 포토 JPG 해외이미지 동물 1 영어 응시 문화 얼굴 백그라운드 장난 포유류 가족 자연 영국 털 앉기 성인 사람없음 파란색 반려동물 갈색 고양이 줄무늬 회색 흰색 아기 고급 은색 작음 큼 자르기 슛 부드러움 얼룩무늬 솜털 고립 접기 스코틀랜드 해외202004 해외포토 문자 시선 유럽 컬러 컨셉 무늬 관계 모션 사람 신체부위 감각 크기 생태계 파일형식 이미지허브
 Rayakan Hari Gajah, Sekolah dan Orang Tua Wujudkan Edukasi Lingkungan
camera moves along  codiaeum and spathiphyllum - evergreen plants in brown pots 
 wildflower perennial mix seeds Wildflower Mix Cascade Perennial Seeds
--
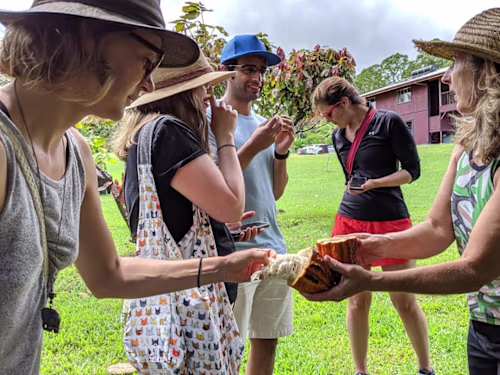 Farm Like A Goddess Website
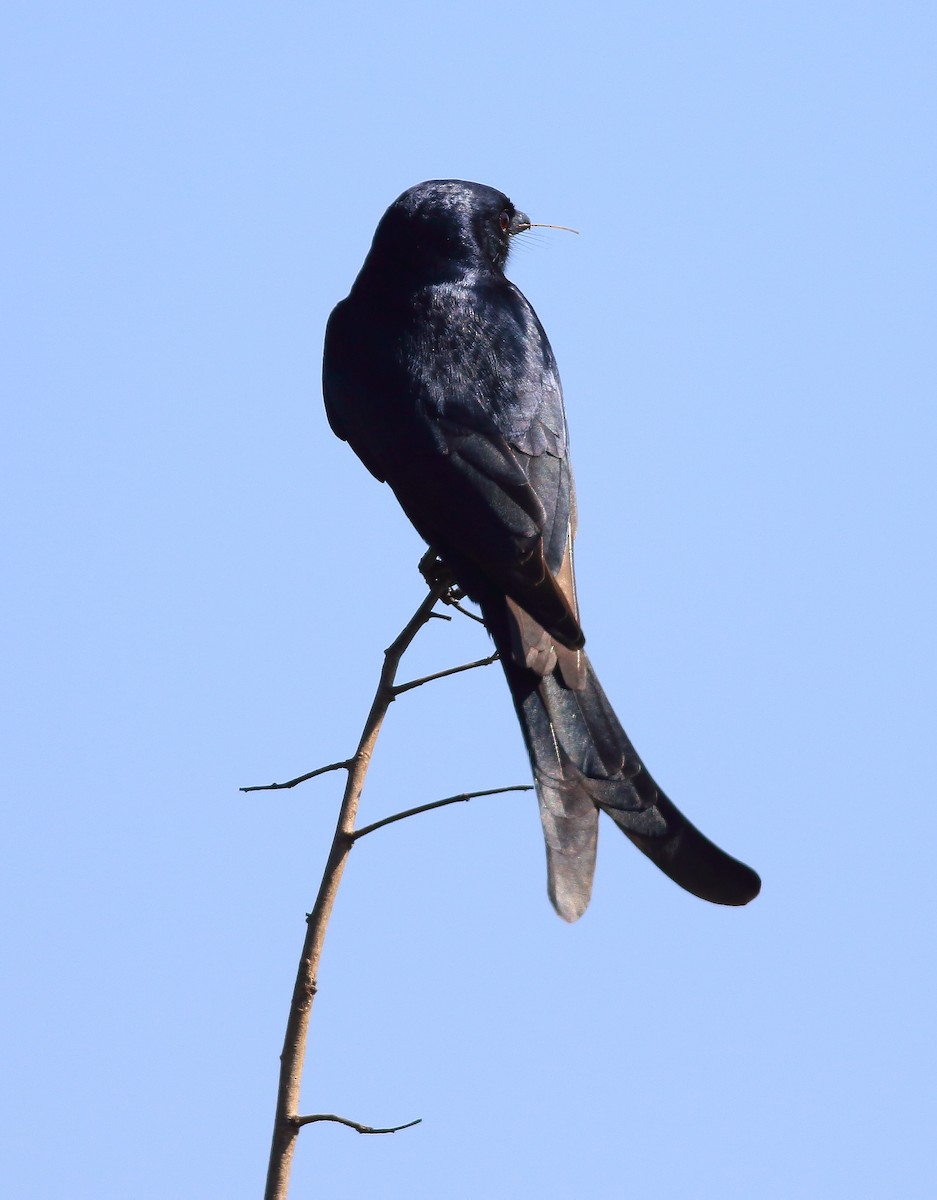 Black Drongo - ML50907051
...
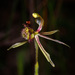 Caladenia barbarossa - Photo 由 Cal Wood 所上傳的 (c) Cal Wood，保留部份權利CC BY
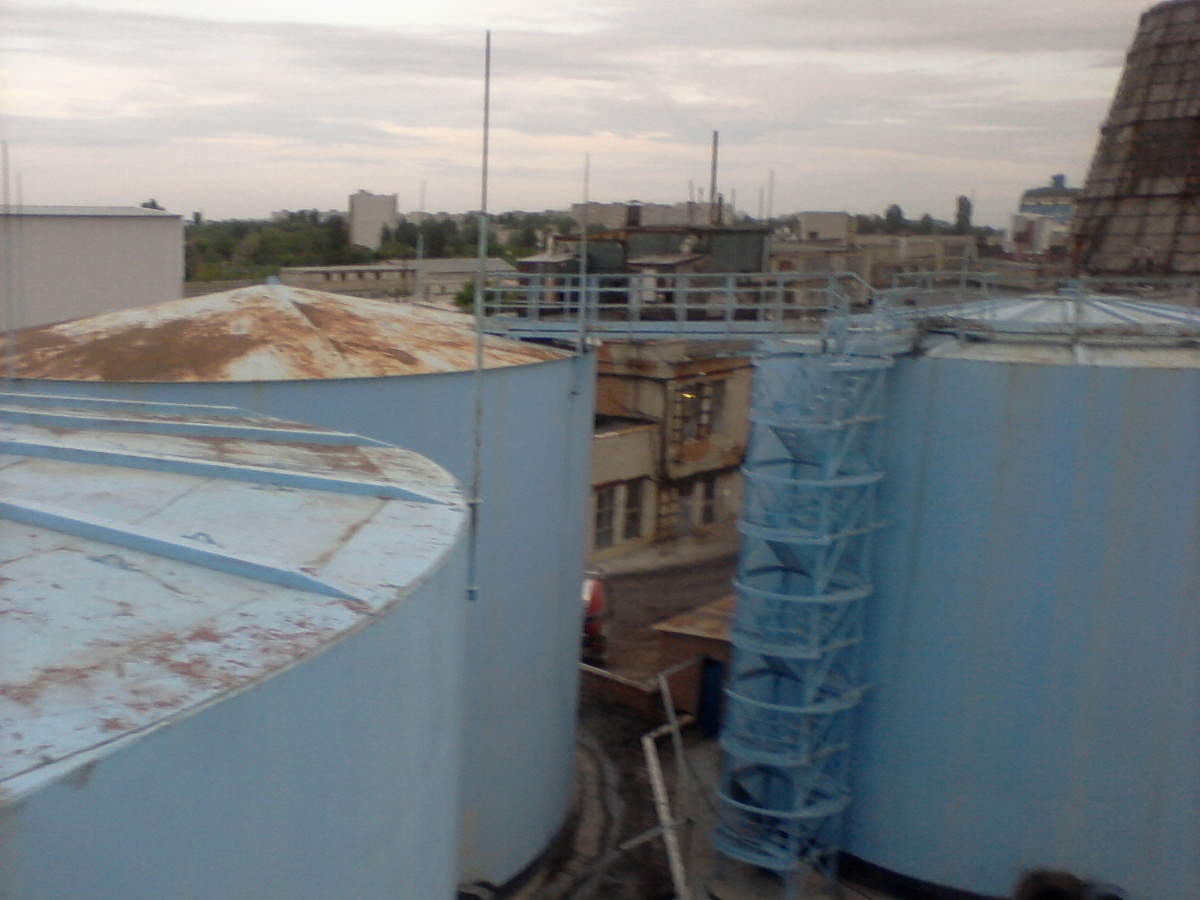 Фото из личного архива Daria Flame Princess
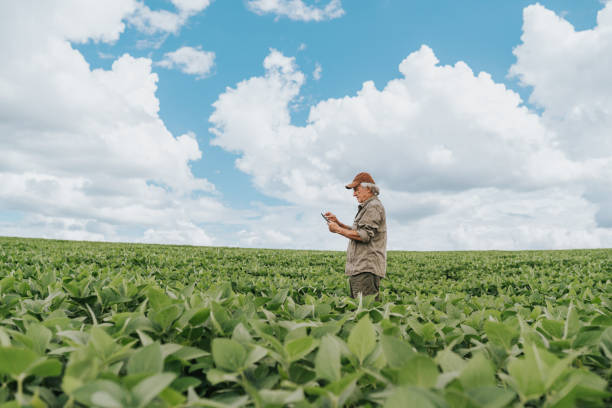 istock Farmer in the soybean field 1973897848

Description of the task: Looking above, find the stretch of lines that opens with the one holding "Фото из личного архива Daria Flame Princess" and closes with the one holding "istock Farmer in". Copy it exactly, pictures excluded.

Your response:
 Фото из личного архива Daria Flame Princess
 istock Farmer in the soybean field 1973897848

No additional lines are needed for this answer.